- WORK TO BE COMPLETED -
Skipping the images, transcribe each record below as it is.

- Items from a data source -

::::

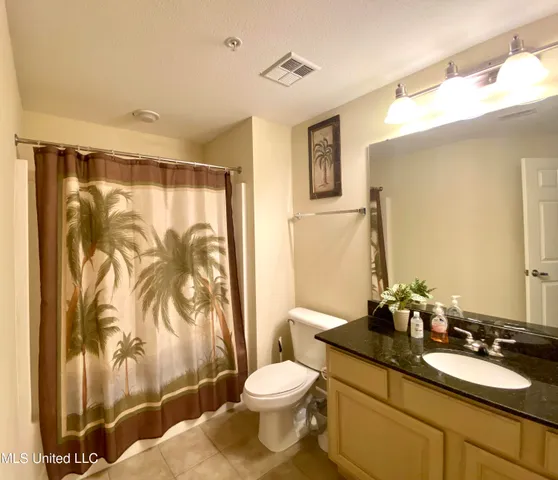 $2,650 | 2228 Beach Drive, Unit 504, Gulfport, MS 39507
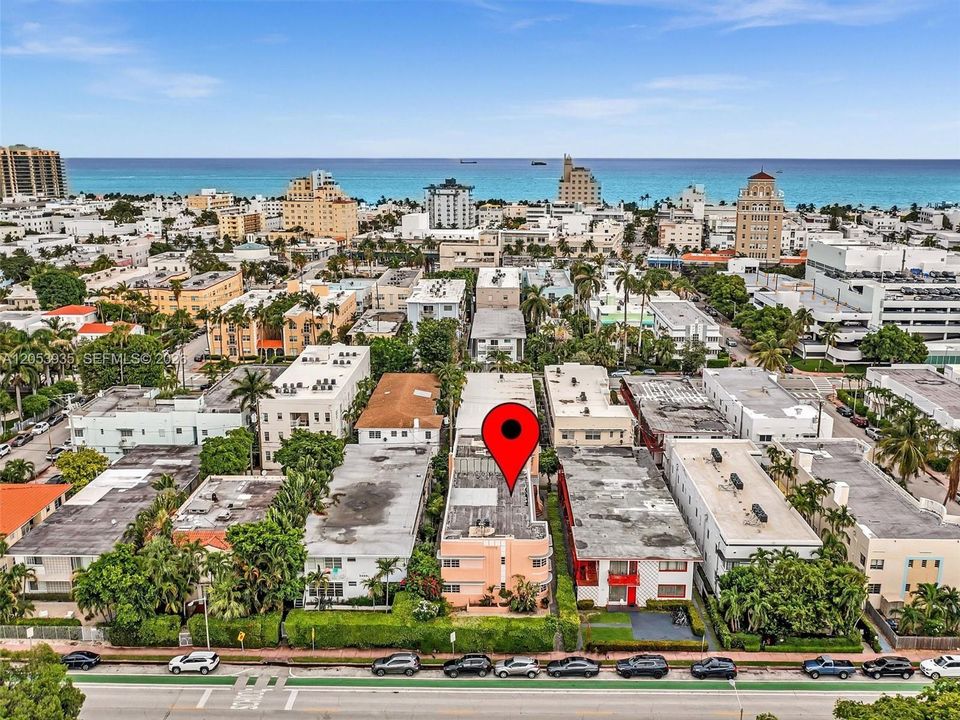 4 blocks from the Beach
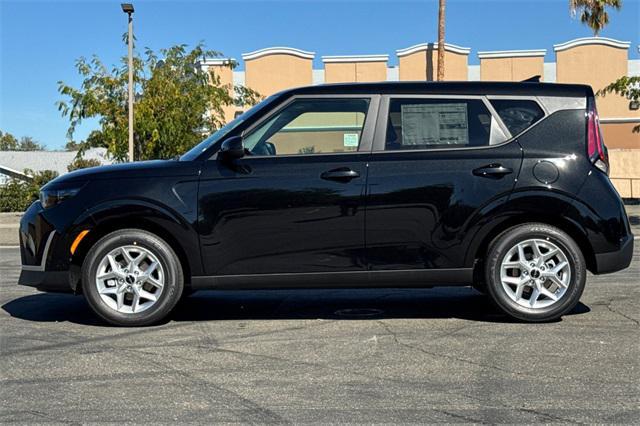new 2025 Kia Soul car, priced at $23,030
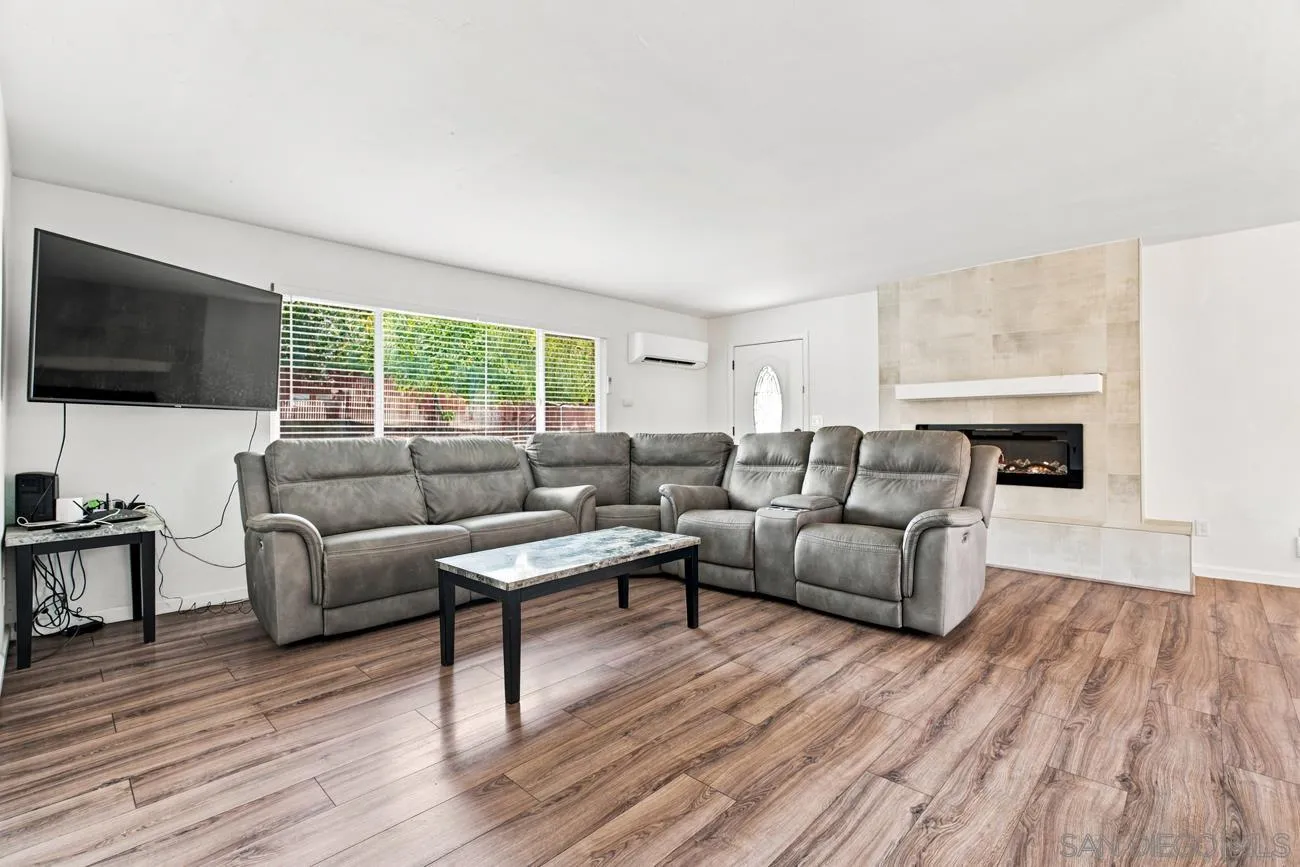 15773 Oak Valley Road Ramona, CA 92065 - Photo 13 of 42 Living Room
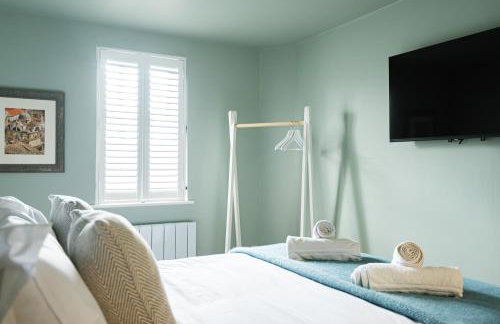 Central Whitchurch - Lowcross House Guest Bedroom 5 - Photo 3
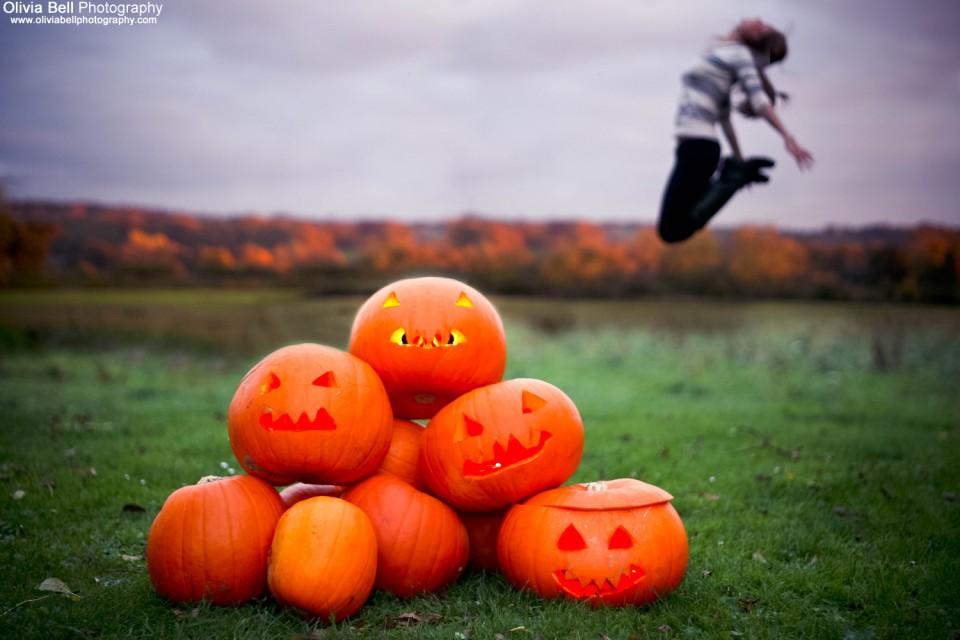 100 Jump Photographs by Olivia Bell 100 Jump Photographs by Olivia Bell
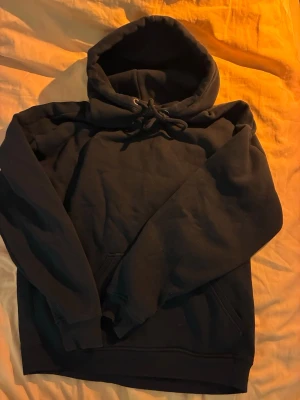 Mörkblå hoodie med huva och ficka - Fin mörkblå hoodie, använd väl men ändå bra skick! Storlek M och från bikbok. Pris kan förhandlas 🤗💞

::::

- SOLUTION FOR THIS PROBLEM -
 $2,650 | 2228 Beach Drive, Unit 504, Gulfport, MS 39507
 4 blocks from the Beach
new 2025 Kia Soul car, priced at $23,030
 15773 Oak Valley Road Ramona, CA 92065 - Photo 13 of 42 Living Room
 Central Whitchurch - Lowcross House Guest Bedroom 5 - Photo 3
 100 Jump Photographs by Olivia Bell 100 Jump Photographs by Olivia Bell
 Mörkblå hoodie med huva och ficka - Fin mörkblå hoodie, använd väl men ändå bra skick! Storlek M och från bikbok. Pris kan förhandlas 🤗💞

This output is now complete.